Some of the suggestions above are made with tongue in cheek. Looking at the uproar following this death, I can see that some people are ready to go for MACC’s jugular. Now this man who died in such a tragic manner is not a political person, he is a Malay (implicitly a Muslim) and he is a civil servant. The graft values are in the million and not just 2K. He was not interrogated (yet?) into the early hours of the morning.These are the glaring differences between him and Teoh Beng Hock. Teoh as everyone in Malaysia knows was the DAP political aide who died at the MACC premises in Shah Alam in July 2009 allegedly by jumping out of the building.

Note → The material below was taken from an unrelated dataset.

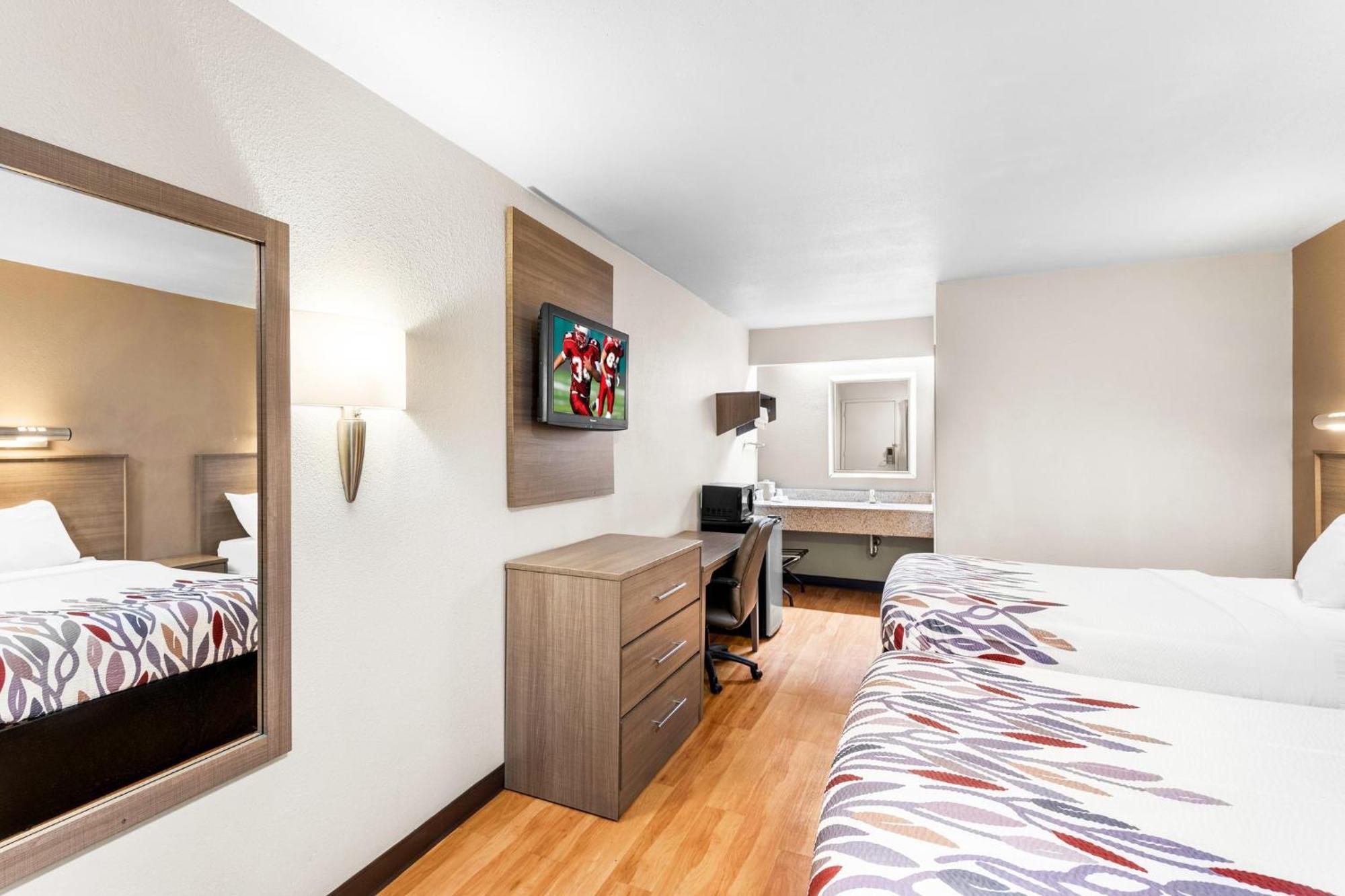 Red Roof Inn Indianapolis North - College Park Екстериор снимка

I am surprised (may be not really) that the likes of the President of the Bar Council and opposition party leaders have straight away jumped to the conclusion and accuse MACC as causing this death. The public should see these people as opportunists ready to blame the authorities which to them represent the policies of the government of the day. The Bar Council of course wants to be seen as the champion for justice.

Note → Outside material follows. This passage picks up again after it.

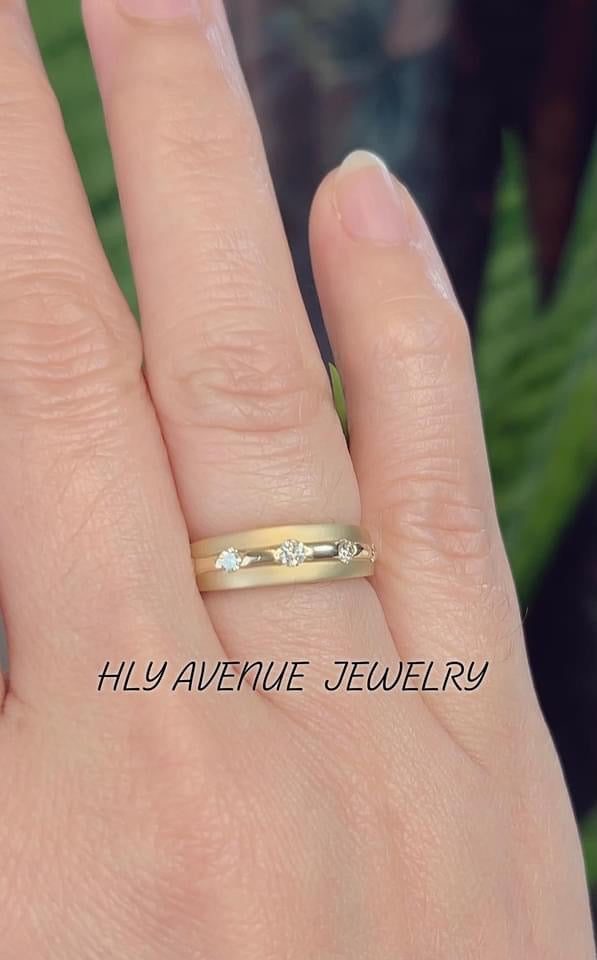 18k Japan Gold W/ 0.20 Ct. Diamond Ring Size #10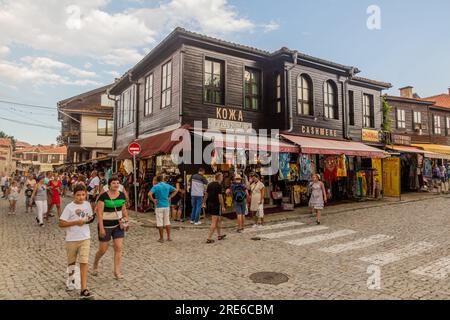 NESEBAR, BULGARIA - 24 DE JULIO de 2019: Calles empedradas en Nesebar, Bulgaria Foto de stock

I agree an inquest should be held as per provision of the relevant law but to convene another Royal Commission of Inquiry (RCI) is rather far-fetched at this stage. It is supposed to ostensibly ensure justice but other legal mechanisms can just ensure that as well. The problem is the public seem to think everyone in the government machinery cannot act in a just manner. The perception is the government has no integrity and not capable of meting out justice. It is both sad and frightening.

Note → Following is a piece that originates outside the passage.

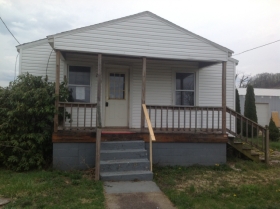  205 Hollway Street, Henderson, WV photo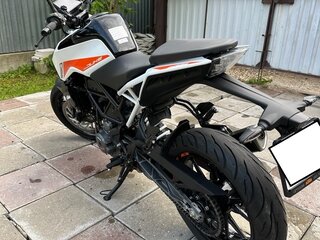 2021 KTM 390 Duke, белый, 500000 рублей, вид 2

Really MACC in this case have to work hard to restore the confidence of the rakyat (citizens) on its investigations and procedures. You cannot be seen as selective in your focus and you cannot be seen as being petty and politically bias. The government of the day should support this organisation by making sure its leadership is professional and well trained. The government must be seen to ensure MACC’s independence. Only then will the Malaysian public respect the institution and support its works in a manner helpful in bringing the corrupt to justice.

For what it may mean is that, this death will actually show people that there is more in the depressed human mind than just facing graft investigation. This death may persuade people to look at the anguish and the shame and the subconscious guilt that has come to the fore, blurring judgement and taking the final exit.

You may also like to look at the psychology of suicide besides occurring in depressed people. Sometimes there is so much at stake that a person becomes brave enough to take his own life, end it all so that there is nothing else to go for. But in this situation what appears as a large-scale “systematic corruption” which is highly inimical to the country’s economy , the authorities must not stop their investigations like they did in Teoh Beng Hock’s case.

Ahmad Sarbani Mohamad

One custom officer died and took with him the secrets and other information that might be crucial and are badly needed by MACC for their investigations, now use our logical reasoning, why should MACC want him dead?

And listen, according to the news report, the agitated forwarding agents and colleagues at Port Klang said Ahmad Sarbani Mohamad , the dead man, was the cleanest custom officer. Now people, go figure.